The label “BAME” may be downplaying Black under-representation at the bar, according to UK Bar Council chair Derek Sweeting QC.
The chair made the observation during a diversity lecture at Gresham College in London, the Law Society Gazette reported. Sweeting said that progress in some areas was sluggish, and pointed out the tendency of those in the legal industry to lump Black, Asian and minority ethnic lawyers into one category.
He said in a statement published by the Gazette that the legal profession should ponder whether BAME is a “cosmetic category” that actually hides the “massive under-representation of Black members of our community at the bar still.”
“I think we need to be honest about why that's the case and why sort of some bits of the bar are still what people thought they were years ago … dominated by people from private schools, perhaps Oxbridge, and also from a particular ethnic and social background,” Sweeting said.
At the same lecture, Government Legal Department barrister Mass Ndow-Njie highlighted the discrepancy in opportunities offered to Black and White law students.
“Data shows that a Black person who's applying for pupillage who has the exact same grades as a White person at undergraduate level and at bar school, they have around half the chance of securing pupillage than their White counterparts,” he said in a statement published by the Gazette.

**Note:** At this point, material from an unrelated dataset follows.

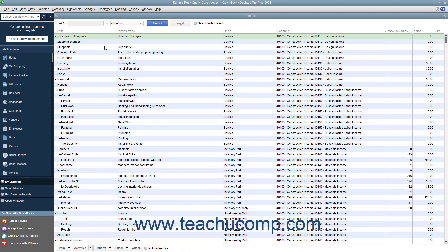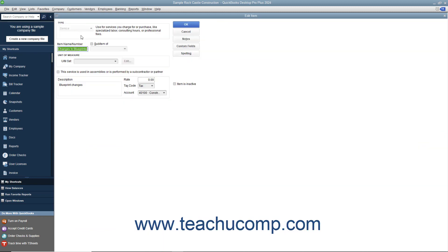Although there is no specific rename command within the QuickBooks lists, to rename a list item you simply open the Edit List Item window for the selected item from the desired list. Then type a new name for the entry into the Name field at the very top of the window. The entry will then adopt the new name after you click either the OK or Save & Close buttons to save your changes.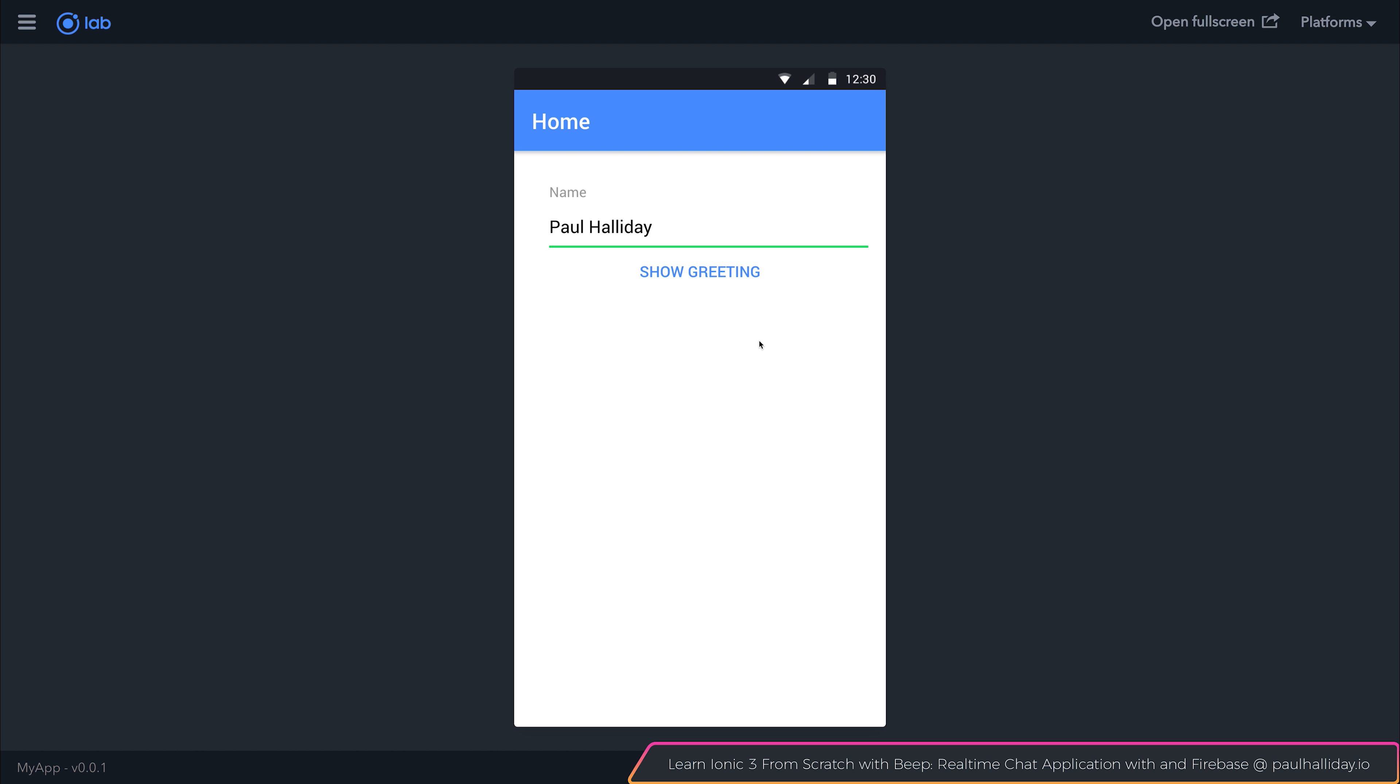So this is a very simple mobile application, but hopefully you can see just how powerful Ionic is and how simple it has been to make this app.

Ndow-Njie, who founded the charity Bridging the Bar, pointed out that he was one of only 13 Black students over the 2019-2020 period.
To address the concerns about representation, Sweeting voiced support for the establishment of diversity targets.
The Bar Standards Board announced last year that all chambers were required to offer anti-racism training and develop diversity initiatives. Chambers were also expected to release anti-racism statements, and in May, the board will review the response of the legal industry.
The Bridging the Bar charity focuses on promoting equal opportunity and diversity at the UK bar.